* **WHAT THE TASK REQUIRES**
Would you please print exactly the lines that run from the one with "Chácara para Venda" to the last line of the data, both included, without any pictures?

Image-text web data

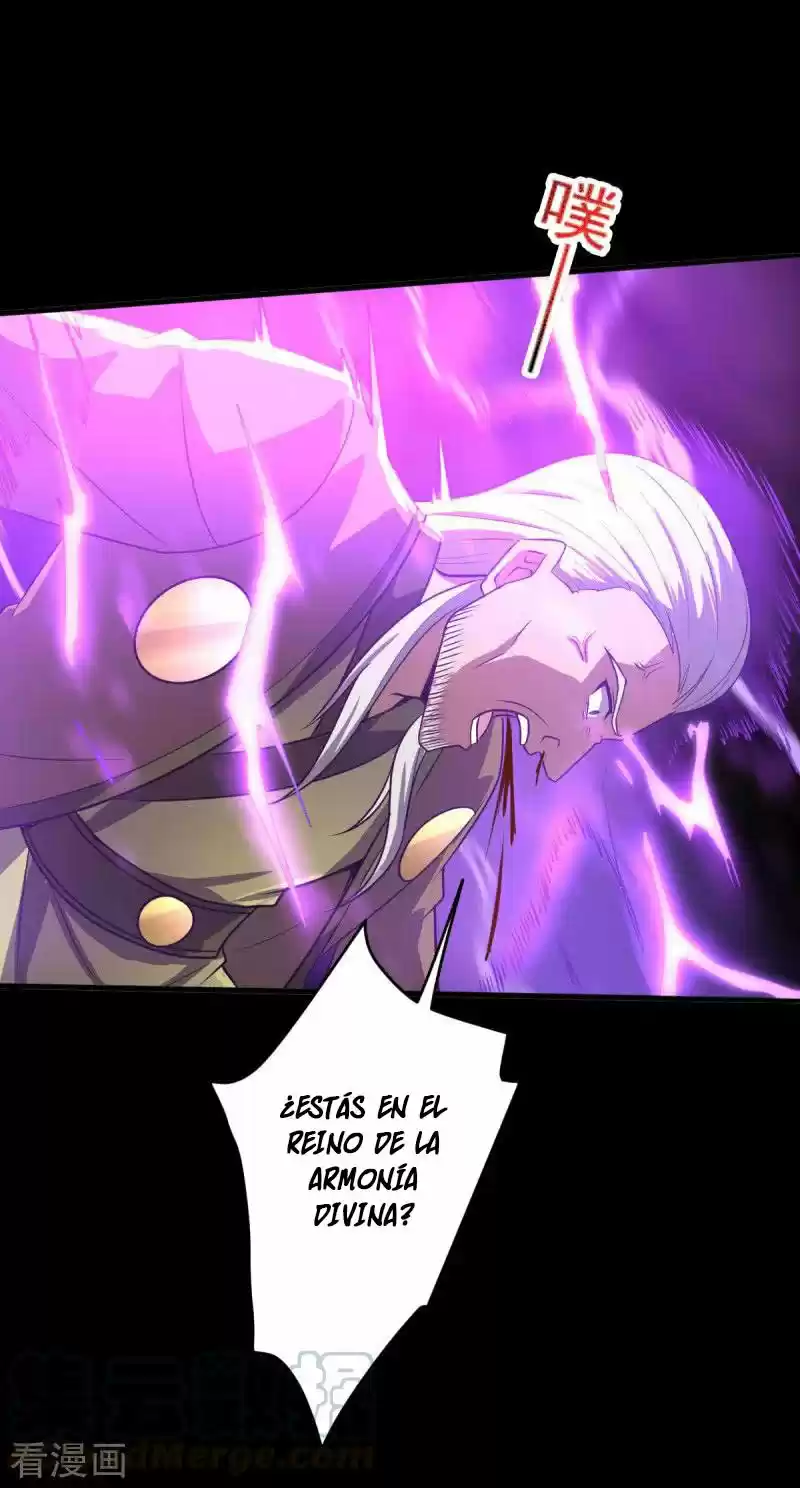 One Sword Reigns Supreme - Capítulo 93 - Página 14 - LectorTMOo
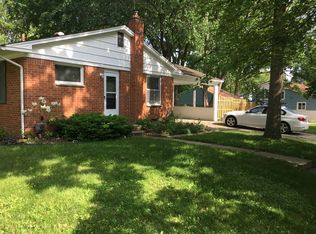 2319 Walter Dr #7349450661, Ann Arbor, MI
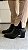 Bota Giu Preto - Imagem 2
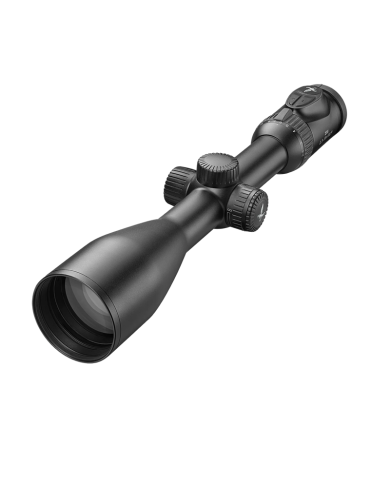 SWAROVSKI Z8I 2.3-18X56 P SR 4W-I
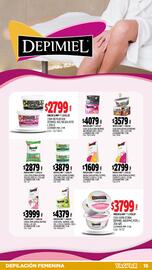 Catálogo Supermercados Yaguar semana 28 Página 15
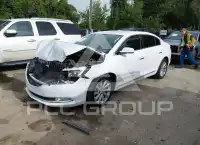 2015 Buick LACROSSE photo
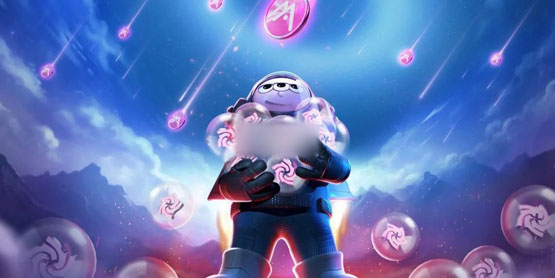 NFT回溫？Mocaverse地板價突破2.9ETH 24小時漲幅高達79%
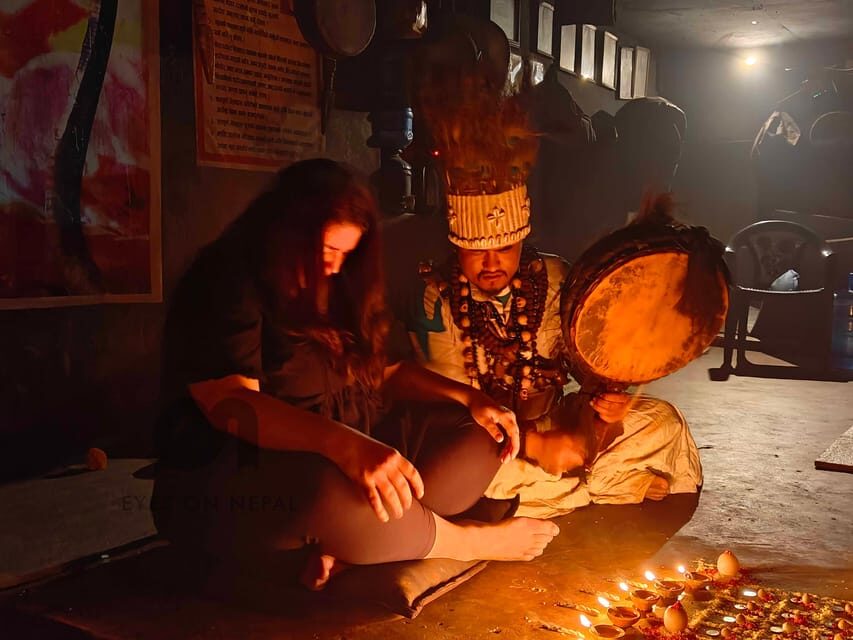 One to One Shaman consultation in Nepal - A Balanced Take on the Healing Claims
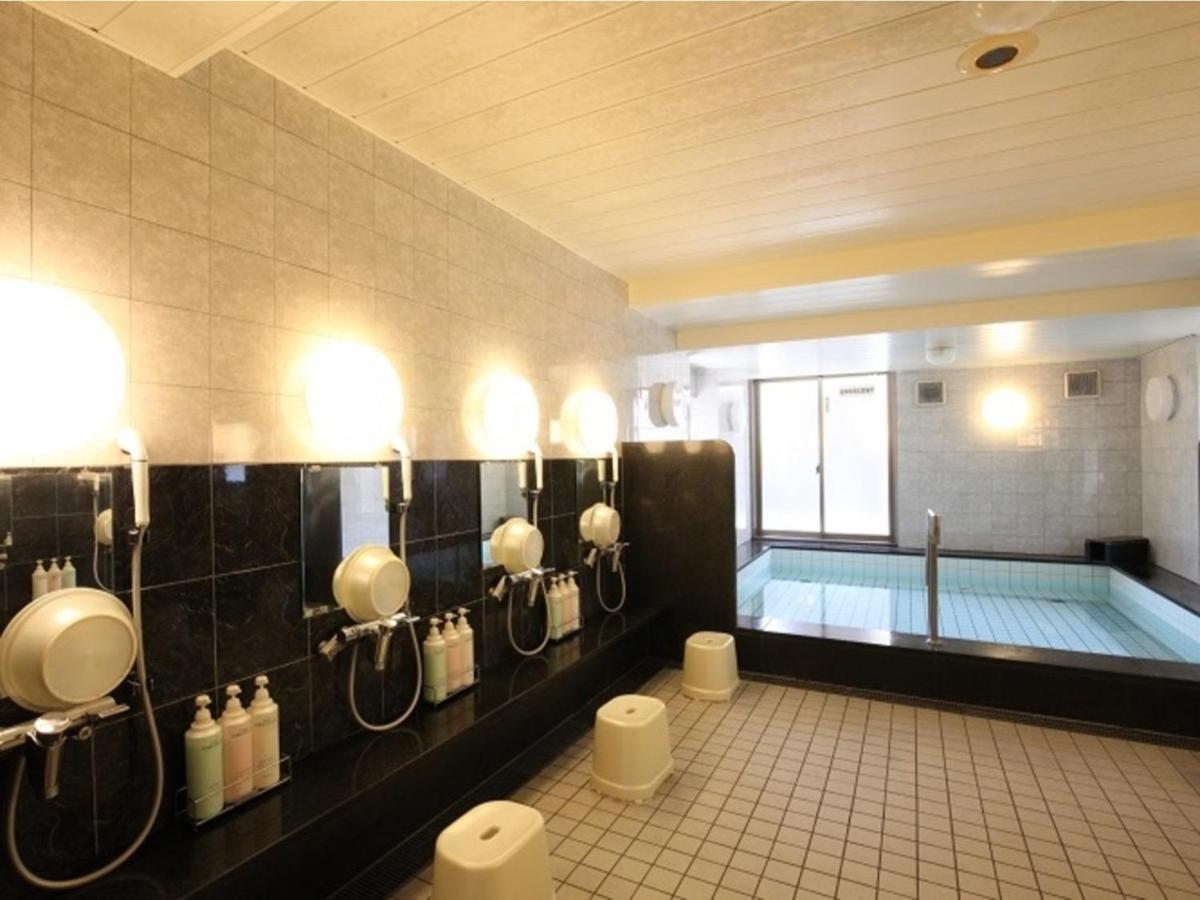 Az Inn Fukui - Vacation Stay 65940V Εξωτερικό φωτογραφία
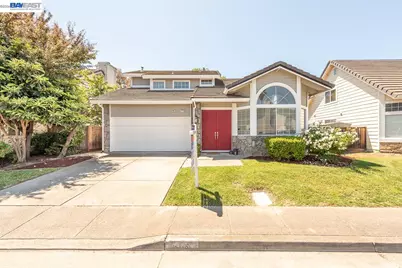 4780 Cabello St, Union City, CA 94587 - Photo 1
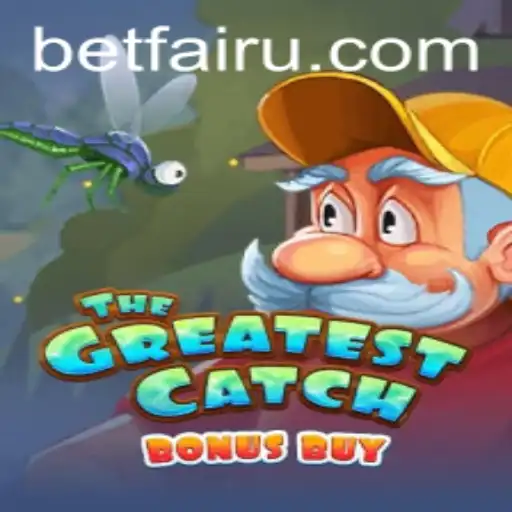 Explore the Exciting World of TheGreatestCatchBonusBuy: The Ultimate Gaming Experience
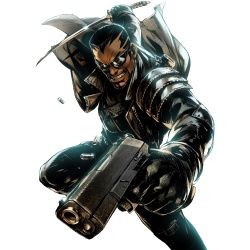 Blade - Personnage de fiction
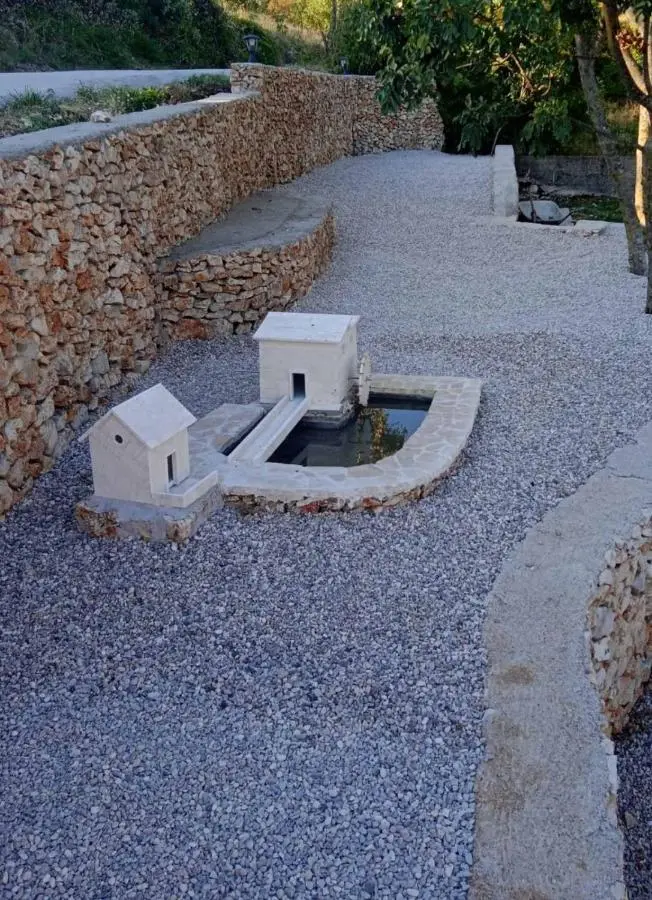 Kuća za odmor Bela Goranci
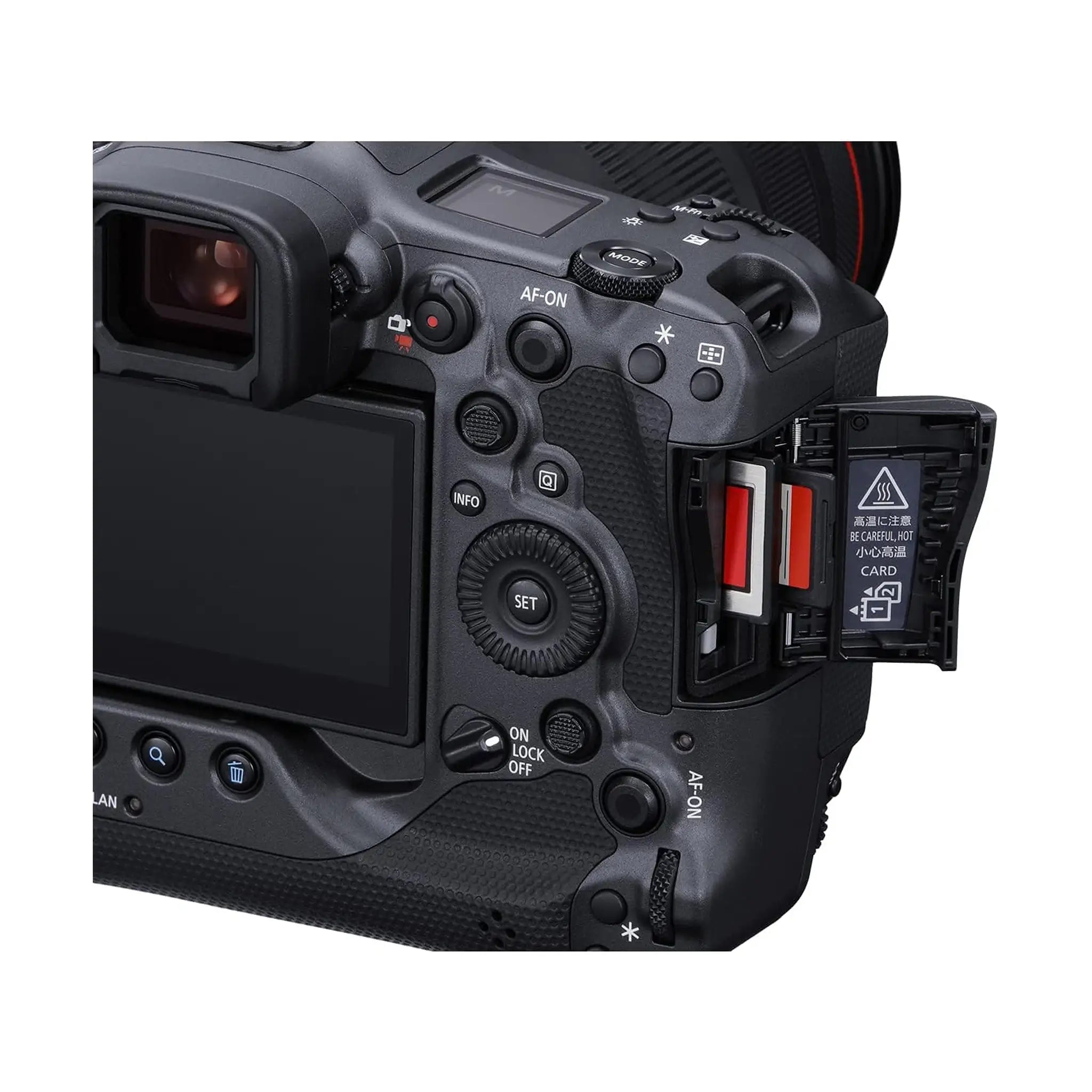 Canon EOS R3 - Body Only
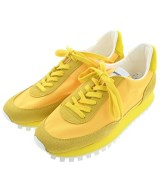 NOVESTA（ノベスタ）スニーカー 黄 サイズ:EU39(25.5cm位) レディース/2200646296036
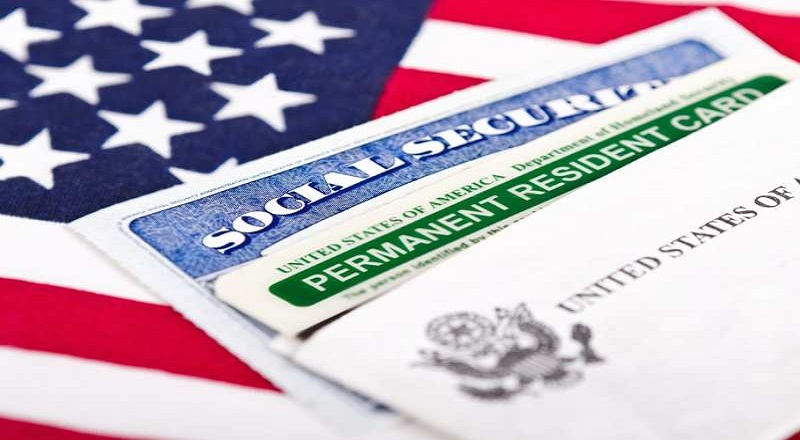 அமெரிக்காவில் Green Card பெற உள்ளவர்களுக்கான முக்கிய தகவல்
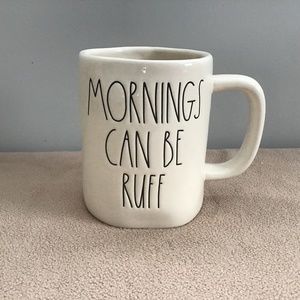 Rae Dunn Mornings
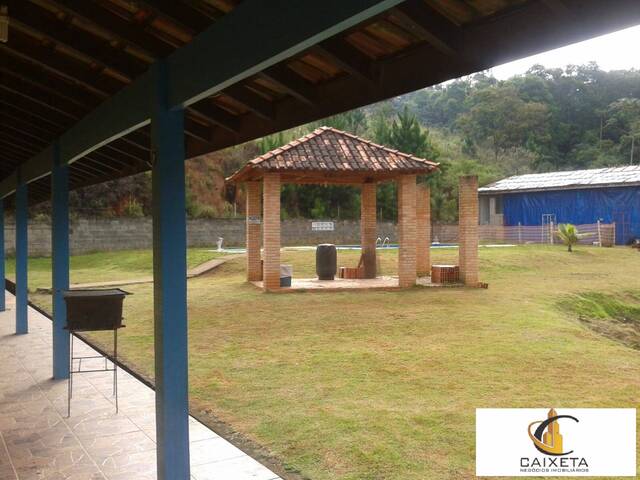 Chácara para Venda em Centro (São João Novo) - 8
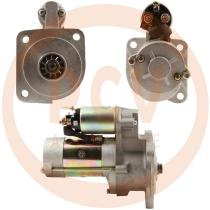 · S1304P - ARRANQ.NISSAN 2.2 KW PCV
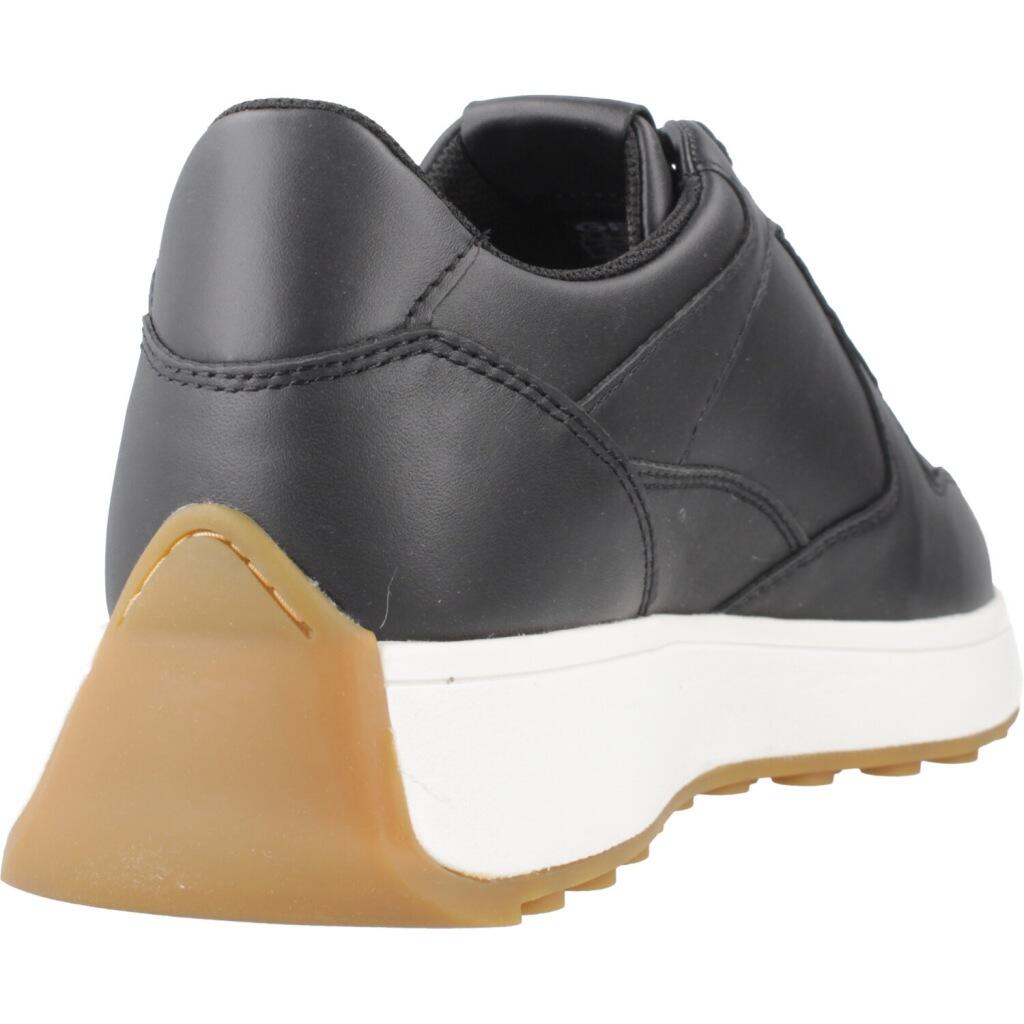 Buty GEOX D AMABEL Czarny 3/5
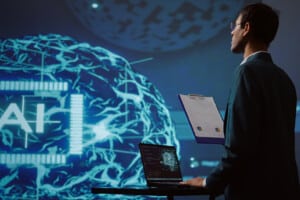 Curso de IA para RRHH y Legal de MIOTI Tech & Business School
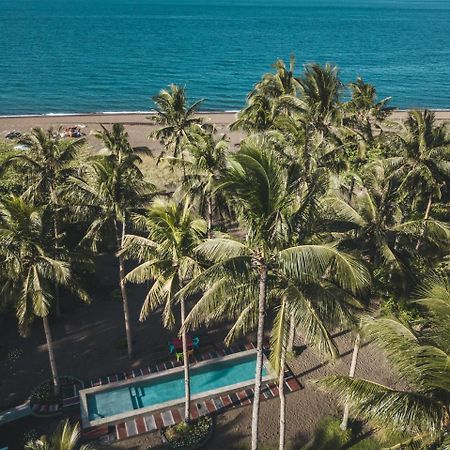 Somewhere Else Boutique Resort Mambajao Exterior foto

* **YOUR RESPONSE**
 Chácara para Venda em Centro (São João Novo) - 8
 · S1304P - ARRANQ.NISSAN 2.2 KW PCV
 Buty GEOX D AMABEL Czarny 3/5
 Curso de IA para RRHH y Legal de MIOTI Tech & Business School
 Somewhere Else Boutique Resort Mambajao Exterior foto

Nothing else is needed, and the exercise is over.